Kurator dan penulis seni kontemporer yang kini Direktur Yayasan Biennale Yogyakarta. Berpengalaman 15 tahun mengelola ruang seni lokal, nasional, dan internasional. Baginya, seni bukan sesuatu yang terisolasi di dalam kotak putih, melainkan menggali narasi yang terlupakan dari orang-orang biasa, lalu menghadirkannya kepada orang biasa lainnya. 

Saya ingin menjalani kerja kuratorial sebagaimana yang saya alami pada masa pandemi ini: bekerja dengan kehidupan yang lebih dekat, melihat praktik-praktik kehidupan sekitar sebagai penciptaan seni, mempertemukan seniman kontemporer dengan mereka yang bertani. 

Pandemi ini seperti dua sisi mata uang yang bertolak belakang, dalam posisi yang sama kuatnya, serta memunculkan hal-hal yang tak pernah terpikirkan dalam kehidupan manusia kontemporer. Sisi baik dan yang kurang menyenangkan, namun keduanya membantu saya merefleksikan perjalanan hidup saya selama 40 tahun ini. Bahkan membuka jalan baru untuk menemukan lagi tujuan dan jalan hidup saya. 

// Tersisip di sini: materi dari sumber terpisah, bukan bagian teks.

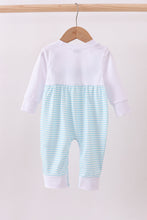 Load image into Gallery viewer, Blue heart french knot romper
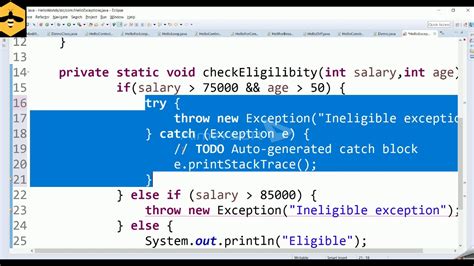 Toradh íomhá ar Method Throws Exception Java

Saya bekerja sebagai seorang kurator seni, selain penulis dan peneliti masalah seni dan kebudayaan. Semenjak satu dekade lalu, seni rupa kontemporer telah berkembang sedemikian rupa, menjadi global, seperti sebuah keniscayaan. Tentu saja global di sini punya makna kosmopolitan-nya; menjadi internasional, bepergian secara intensif ke sana-kemari, terlibat dalam perhelatan-perhelatan seni yang besar dan glamor atau justru mencekam, dari bursa seni (art fair) kelas satu hingga mengajar sebuah kelas di Benua Afrika. Di sisi lain, penghayatan atas global juga membawa saya pada perjalanan menautkan praktik-praktik seni tradisi atau sejarah lokal peristiwa dunia, sehingga saya juga sering bepergian ke beberapa wilayah di Nusantara. Ada perjalanan ulang-alik yang mengesankan, memberi saya begitu banyak kesempatan belajar. Akan tetapi, pada saat yang sama, semua terjadi begitu cepat, simultan, dan sering kali justru berkejaran dengan waktu.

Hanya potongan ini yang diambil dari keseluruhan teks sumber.